ザイオンス効果(単純接触効果)|経済行動の心理学

人は、何かに接触する頻度が増えると、それを受け入れる性質があります。

初対面の相手に対しては、自身の心の中に「防御の姿勢」が生まれます。しかし、毎日、顔を合わせている人には仲間意識が生まれます。

最初は違和感を覚えたポスターや看板でも、毎日、目にするうちに、いつの間にか馴染んでしまったという経験はないでしょうか?

あるいは、朝のテレビ番組で 新コーナーが始まったときに、最初のうちは「この人、誰?」と思っていたはずが、そのうちにお馴染みの「いつもの人」へと認識が変わったことはないでしょうか?

このように接触する回数の多いもの、接触する頻度が高いものに対して、心を開いてしまうのがザイオンス効果(単純接触効果)と呼ばれるものです。(ただし、嫌悪感を抱くものに対しては、より嫌いになります。)

昔の営業員は、用事がなくても お客さまを訪問することが大事な仕事だとされました。それは、高い頻度で顔を出すことで 顧客に親近感を抱いてもらうことが目的でした。そうすることで、実際にニーズが生まれたときには、顧客から相談を受けることができ、自社の商品・サービスの受注に繋がりました。

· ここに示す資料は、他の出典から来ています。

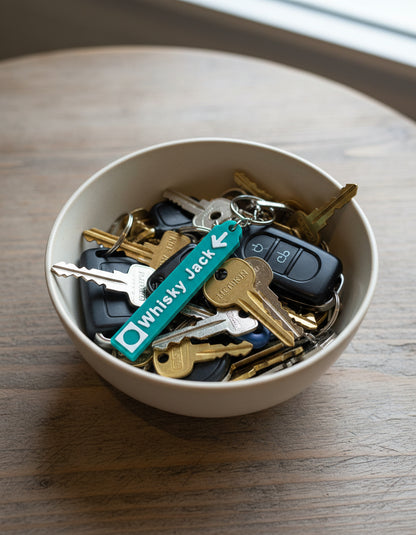 SkiChains – Whistler - Ski-Themed Keychains for Skiers & Riders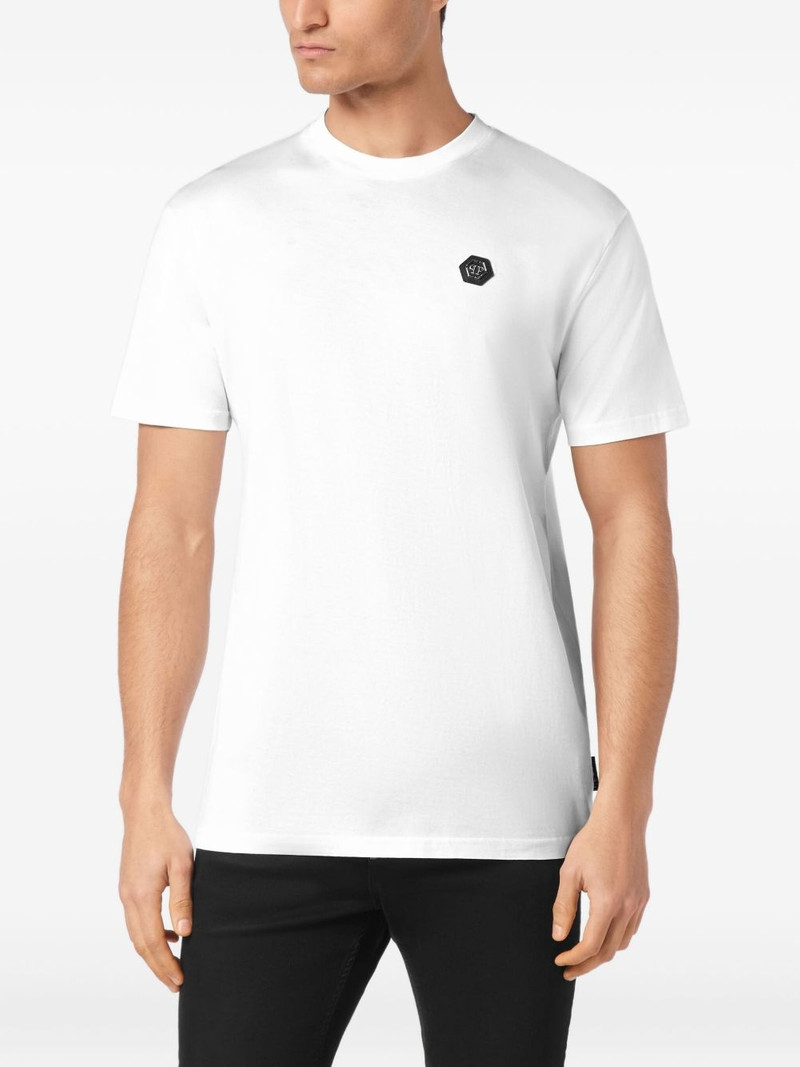 Gothic Plein-embellished T-shirt 3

しかし、オフィスやマンションではセキュリティシステムの導入が一般的になり、外部者が自由に建物内に足を踏み入れることができなくなりました。事前にアポイントメント(約束)を取り付けてから顧客を訪問するのでは、どうしても面談を断られることが多くなり効率が下がります。(もちろん、顧客の側からすれば、アポなし訪問は自身の仕事を中断する必要がありますので、生産性が下がりますし迷惑であるのは事実です。)

さらに、新型コロナウィルスの感染拡大により、リモートでの面談やテレワークなどが普及し、営業員が顧客と対面で顔を合わせる機会はますます減少しました。

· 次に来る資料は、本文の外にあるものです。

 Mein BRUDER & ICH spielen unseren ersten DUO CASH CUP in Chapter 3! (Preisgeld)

その結果、対面以外で、如何に顧客との接触回数を増やすのかがより重要になっています。

例えば、テレビやネットなどの広告。メールマガジン。チラシ。ウェブのSEO対策。SNS。ウェビナー。営業員やコンタクトセンターからの電話/メール/チャットでのやりとり、など。

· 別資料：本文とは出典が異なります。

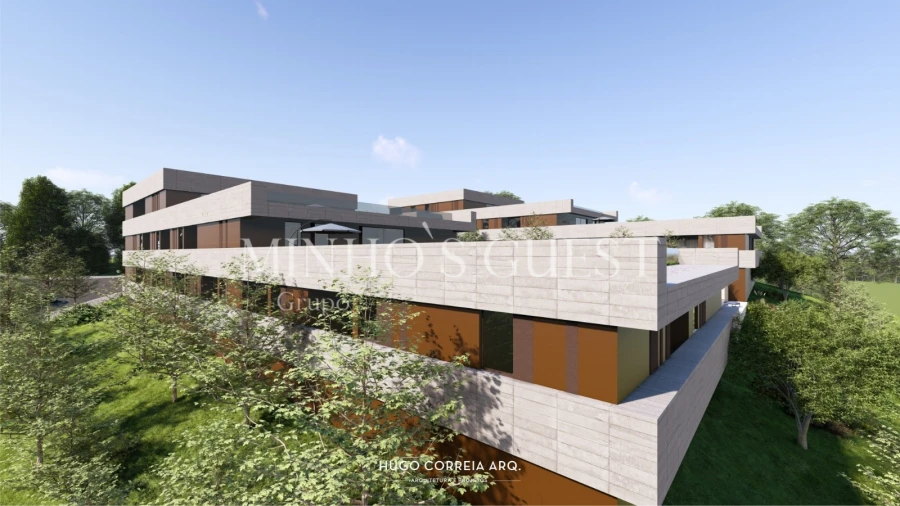 Apartamento T1 para Venda em Brufe Foto 2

これまでと同様に、あるいは、これまで以上に 顧客との接触頻度を担保し、かつ、対面営業よりも生産性の高い手段が日本中の企業から求められています。

ただし、時代の流れによって手段や方法が変わったとしても、人間の根底にある性質は変わらないはずです。あなたも、このザイオンス効果を理解した上で、顧客との接点をデザインしてみては如何でしょうか。